Evidentiary Rules and Motion Practice

At PsychLaw.net we know it is a matter of common knowledge that scientific expert testimony is offered in a very high percentage of American trials.[1]  The testimony of mental health professionals was first reviewed by the United States Supreme Court in 1908 in Muller v. Oregon, 208 U.S. 412 (1908).  Muller was a landmark case dealing with social welfare legislation designed to limit the work day of women. These women typically labored in a factory or laundry up to ten hours. In this case, attorney Louis Brandeis accumulated a substantial body of medical and social science research demonstrating the debilitating effect on women and girls of working long hours.  Brandeis presented this material to the United States Supreme Court in a brief defending Oregon’s limits on the number of hours females could be employed.  As the Supreme Court upheld the constitutionality of the legislation, it discussed Brandeis’ social science material.  The Court declared that although they “may not be, technically speaking, ‘authorities’, the studies would nonetheless receive judicial cognizance.”  Since that time, motions and briefs designed to bring the weight of social science research to the attention of the court have been termed “Brandeis briefs”.

In  Muller v Oregon the Court made it clear that it wanted good quality scientific data bearing directly on the issues.  Today, when any court is asked to admit expert testimony as valid science under Daubert, opposing parties may attack the proof as scientifically invalid or questionable by offering counter proofs.[2]  Because of the Federal Rules’ emphasis on liberalizing expert testimony, and the specific requirements of Daubert and Kumho, it is the job of the advocate to lay out the scientific issues for the court’s consideration.  At PsychLaw.net we feel this is best accomplished in motion practice.

Nevertheless there’s a problem.  As Mr. Chief Justice Rehnquist wrote in Daubert:

“I defer to no one in my confidence in federal judges, but I am at a loss to know what is meant when it is said that the scientific status of a theory depends on its ‘falsifiability,’ and I suspect some of them will be, too.” Daubert 509 U S 579, 113 S Ct at 2800; 125 L Ed 2d at 485.

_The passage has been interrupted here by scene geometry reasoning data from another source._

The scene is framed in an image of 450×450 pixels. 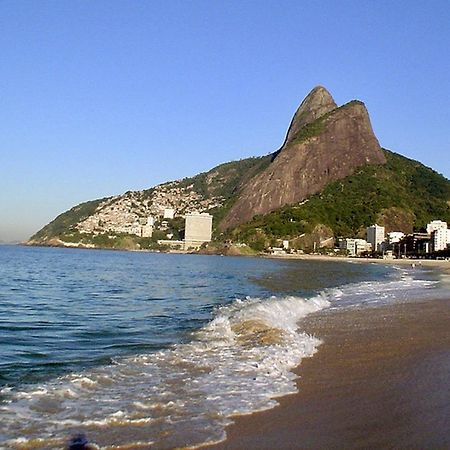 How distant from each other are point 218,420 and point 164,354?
3.66 m

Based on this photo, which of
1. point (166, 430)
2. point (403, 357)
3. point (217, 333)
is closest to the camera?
point (166, 430)

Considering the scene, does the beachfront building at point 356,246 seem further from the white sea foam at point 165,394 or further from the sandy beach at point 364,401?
the white sea foam at point 165,394

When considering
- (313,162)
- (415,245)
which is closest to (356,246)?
(415,245)

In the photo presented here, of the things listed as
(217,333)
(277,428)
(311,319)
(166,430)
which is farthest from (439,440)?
(311,319)

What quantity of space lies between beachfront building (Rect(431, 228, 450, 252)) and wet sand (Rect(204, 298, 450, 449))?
10296cm

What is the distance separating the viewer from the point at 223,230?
163 m

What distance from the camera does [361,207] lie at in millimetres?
144625

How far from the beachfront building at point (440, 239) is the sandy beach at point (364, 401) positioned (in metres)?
103

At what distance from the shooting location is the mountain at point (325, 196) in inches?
5502

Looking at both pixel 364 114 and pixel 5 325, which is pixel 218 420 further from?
pixel 364 114

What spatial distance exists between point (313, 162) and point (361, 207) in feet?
84.9

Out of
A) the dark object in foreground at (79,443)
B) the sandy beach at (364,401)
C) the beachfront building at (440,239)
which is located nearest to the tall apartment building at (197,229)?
the beachfront building at (440,239)

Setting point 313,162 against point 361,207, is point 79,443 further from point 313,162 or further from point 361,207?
point 313,162

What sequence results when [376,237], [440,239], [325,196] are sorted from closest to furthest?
[440,239] → [376,237] → [325,196] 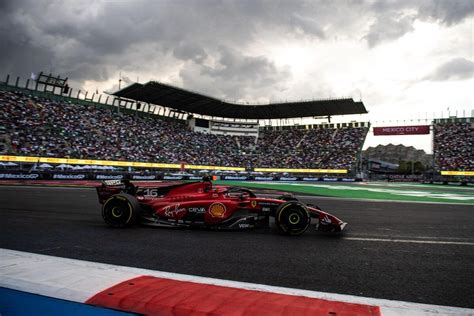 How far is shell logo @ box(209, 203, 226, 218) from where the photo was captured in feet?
21.0

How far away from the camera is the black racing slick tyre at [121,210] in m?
6.64

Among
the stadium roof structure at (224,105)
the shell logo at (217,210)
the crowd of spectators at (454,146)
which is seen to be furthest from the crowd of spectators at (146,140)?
the shell logo at (217,210)

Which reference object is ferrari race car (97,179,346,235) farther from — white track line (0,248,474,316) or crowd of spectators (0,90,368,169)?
crowd of spectators (0,90,368,169)

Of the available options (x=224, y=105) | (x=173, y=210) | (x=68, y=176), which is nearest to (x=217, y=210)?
(x=173, y=210)

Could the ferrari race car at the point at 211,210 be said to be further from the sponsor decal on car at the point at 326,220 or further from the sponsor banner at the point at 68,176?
the sponsor banner at the point at 68,176

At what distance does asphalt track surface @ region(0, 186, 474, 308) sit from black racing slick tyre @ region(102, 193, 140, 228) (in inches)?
8.2

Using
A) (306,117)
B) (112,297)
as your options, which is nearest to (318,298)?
(112,297)

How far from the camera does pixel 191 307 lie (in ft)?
7.80

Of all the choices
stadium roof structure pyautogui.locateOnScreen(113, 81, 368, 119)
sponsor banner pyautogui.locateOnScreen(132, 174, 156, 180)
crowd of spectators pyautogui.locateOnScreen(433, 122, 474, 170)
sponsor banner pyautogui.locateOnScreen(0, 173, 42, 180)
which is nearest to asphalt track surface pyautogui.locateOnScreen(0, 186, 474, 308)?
sponsor banner pyautogui.locateOnScreen(0, 173, 42, 180)

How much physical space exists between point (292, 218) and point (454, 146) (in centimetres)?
5823

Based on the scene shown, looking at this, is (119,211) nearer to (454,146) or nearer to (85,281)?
(85,281)

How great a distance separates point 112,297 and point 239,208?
4039 mm

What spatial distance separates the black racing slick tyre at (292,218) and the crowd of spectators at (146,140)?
37.4 metres

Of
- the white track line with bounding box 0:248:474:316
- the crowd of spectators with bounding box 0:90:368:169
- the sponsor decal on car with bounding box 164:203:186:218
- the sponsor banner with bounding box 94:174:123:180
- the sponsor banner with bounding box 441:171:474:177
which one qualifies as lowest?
the sponsor banner with bounding box 94:174:123:180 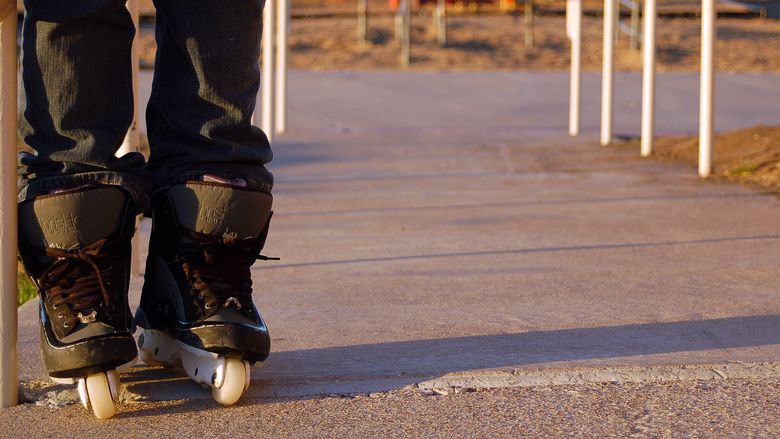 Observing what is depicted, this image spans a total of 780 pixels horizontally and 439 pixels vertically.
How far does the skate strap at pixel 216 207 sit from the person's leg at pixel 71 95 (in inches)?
3.2

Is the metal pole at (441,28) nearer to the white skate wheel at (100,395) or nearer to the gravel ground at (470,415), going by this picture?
the gravel ground at (470,415)

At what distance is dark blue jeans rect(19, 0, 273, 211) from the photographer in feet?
6.42

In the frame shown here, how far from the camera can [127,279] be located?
208cm

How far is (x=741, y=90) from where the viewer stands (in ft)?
37.0

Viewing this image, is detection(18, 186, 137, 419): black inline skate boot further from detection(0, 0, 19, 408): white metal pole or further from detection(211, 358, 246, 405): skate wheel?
detection(211, 358, 246, 405): skate wheel

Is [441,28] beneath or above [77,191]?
beneath

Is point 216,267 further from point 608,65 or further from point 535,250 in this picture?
point 608,65

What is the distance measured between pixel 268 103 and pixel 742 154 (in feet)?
8.80

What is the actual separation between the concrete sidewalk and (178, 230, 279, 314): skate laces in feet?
0.58

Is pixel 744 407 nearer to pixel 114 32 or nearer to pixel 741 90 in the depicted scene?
pixel 114 32

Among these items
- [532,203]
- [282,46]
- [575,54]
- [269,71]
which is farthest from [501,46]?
[532,203]

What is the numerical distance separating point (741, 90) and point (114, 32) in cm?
1009

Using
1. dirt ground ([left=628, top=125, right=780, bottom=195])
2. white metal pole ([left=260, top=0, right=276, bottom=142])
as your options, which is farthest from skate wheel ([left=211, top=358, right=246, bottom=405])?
white metal pole ([left=260, top=0, right=276, bottom=142])

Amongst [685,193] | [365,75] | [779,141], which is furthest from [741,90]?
[685,193] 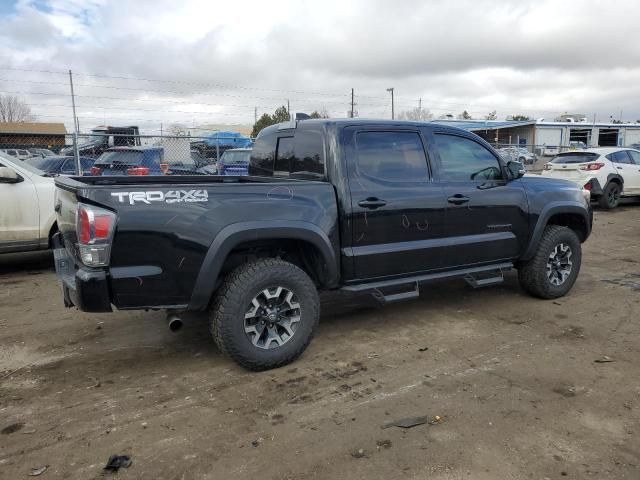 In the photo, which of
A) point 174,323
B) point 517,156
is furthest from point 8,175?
point 517,156

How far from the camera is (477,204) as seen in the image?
16.2 ft

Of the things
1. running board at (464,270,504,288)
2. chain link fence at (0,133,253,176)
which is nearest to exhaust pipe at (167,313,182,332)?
running board at (464,270,504,288)

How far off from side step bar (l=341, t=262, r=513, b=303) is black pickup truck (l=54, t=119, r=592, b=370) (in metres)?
0.01

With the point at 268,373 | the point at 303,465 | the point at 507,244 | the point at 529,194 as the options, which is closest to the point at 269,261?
the point at 268,373

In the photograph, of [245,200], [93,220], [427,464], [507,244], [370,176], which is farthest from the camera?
[507,244]

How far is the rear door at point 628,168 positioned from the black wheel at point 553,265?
9.87 metres

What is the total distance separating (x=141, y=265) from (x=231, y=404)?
3.66 feet

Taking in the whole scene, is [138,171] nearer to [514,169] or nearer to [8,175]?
[8,175]

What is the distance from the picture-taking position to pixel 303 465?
2.78 meters

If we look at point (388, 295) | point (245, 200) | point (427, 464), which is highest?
point (245, 200)

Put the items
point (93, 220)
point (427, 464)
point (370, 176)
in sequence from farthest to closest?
1. point (370, 176)
2. point (93, 220)
3. point (427, 464)

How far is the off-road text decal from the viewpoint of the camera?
333cm

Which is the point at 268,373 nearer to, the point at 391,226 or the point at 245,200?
the point at 245,200

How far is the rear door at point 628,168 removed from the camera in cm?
1397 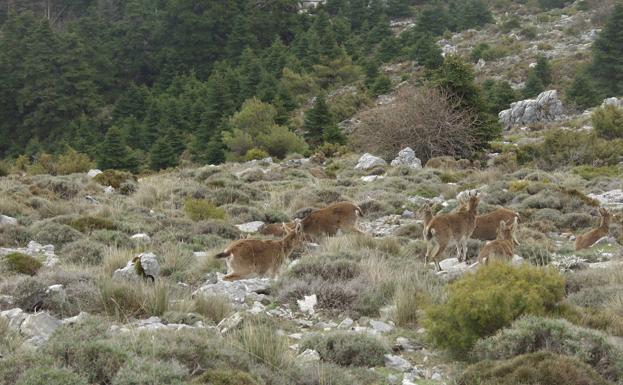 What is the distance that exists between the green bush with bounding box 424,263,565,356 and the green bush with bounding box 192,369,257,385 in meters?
2.03

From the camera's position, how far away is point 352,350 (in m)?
6.61

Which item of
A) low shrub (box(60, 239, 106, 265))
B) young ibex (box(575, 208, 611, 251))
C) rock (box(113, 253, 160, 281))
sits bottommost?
young ibex (box(575, 208, 611, 251))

The Chief Justice continued by explaining that trial court judges are expected to become “amateur scientists,”[3] and warned that science is an  “unusual subject matter” for the judiciary.  He advocated that the courts should “proceed with great caution . . . because our reach can so easily exceed our grasp”.[4] In any trial where scientific evidence is needed, the “great caution” that the Chief Justice recommends creates a duty and an opportunity for both the advocate of scientific testimony and the would be cross examiner.  The duties and responsibilities created by Daubert and Kumho, to keep “junk science” out, and admit only scientifically reliable and valid expert testimony, are described previously in this chapter.  The opportunity for the attorney advocating the evidence and the would-be cross examiner, is motion practice.

Rules 26(b)(4) and 26(c)(1) of the Federal Rules of Civil Procedure provide for the discovery of facts known and opinions held by experts.  At PsychLaw.net we feel that discovery practice provides the cross examiner with an opportunity to understand the qualifications, grounding and foundational basis of proffered expert testimony.  Similarly, Federal Rule Criminal Procedure 16(a)(1)(E) provides that a summary of proposed expert testimony may be obtained prior to trial and the “summary must describe the witnesses’ opinions, the bases and the reasons therefor, and the witnesses’ qualifications.” And Fed. R. Civ. P. 26(a)(Z)(B) requires the report to contain:

“A complete statement of all opinions to be expressed and the basis and reasons therefor; the data or other information considered by the witness in forming the opinions; any exhibits to be used as a summary of or support for the opinions; the qualifications of the witness, including a list of all publications authored by the witness within the preceding ten years; the compensation to be paid for the study and testimony; and a listing of any other cases in which the witness has testified as an expert at trial or by deposition within the preceding four years.”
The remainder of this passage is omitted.